Aim for similar sizes so they cook evenly. Mince the garlic and chop the shallot.
Boil the pasta. Bring a large pot of salted water to a rolling boil. Cook the pasta until just shy of al dente. Reserve 1 to 1.5 cups of pasta water, then drain.
Sauté the aromatics. In a large skillet, heat olive oil over medium.
Add the shallot with a pinch of salt and cook until softened, 2–3 minutes. Stir in the garlic for 30 seconds until fragrant.
Cook the veggies in stages. Start with the firmest vegetables (carrots, broccoli, asparagus stems). Sauté 3–4 minutes.
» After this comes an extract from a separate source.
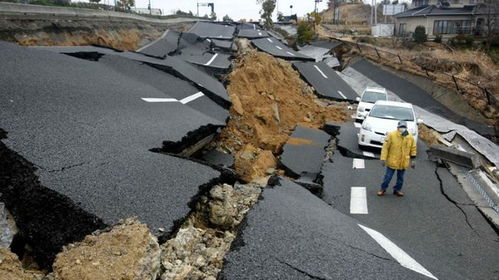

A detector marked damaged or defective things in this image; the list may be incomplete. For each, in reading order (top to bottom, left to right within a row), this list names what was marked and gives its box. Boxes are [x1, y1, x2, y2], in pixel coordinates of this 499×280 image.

cracked asphalt road [322, 137, 498, 278]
Add medium-tender veggies (zucchini, bell pepper) and cook 2–3 minutes more. Finish with quick-cooking items (peas, spinach, tomatoes) and cook just until bright. Season as you go with salt and pepper.
Add butter and build the sauce. Melt the butter into the vegetables. Pour in 1/2 cup reserved pasta water and bring to a gentle simmer.
Stir in the cream, if using, and let it thicken slightly, 1–2 minutes.
Toss with pasta. Add the drained pasta to the skillet. Sprinkle in the Parmesan and a big squeeze of lemon juice with some zest. Toss vigorously, adding more pasta water as needed to create a silky, glossy sauce that coats everything.
Finish and taste. Add chopped basil/parsley and a pinch of red pepper flakes if you like heat.
Taste and adjust with salt, pepper, and more lemon. The flavor should be bright and balanced.
Serve. Plate with extra Parmesan and a drizzle of olive oil. Serve hot.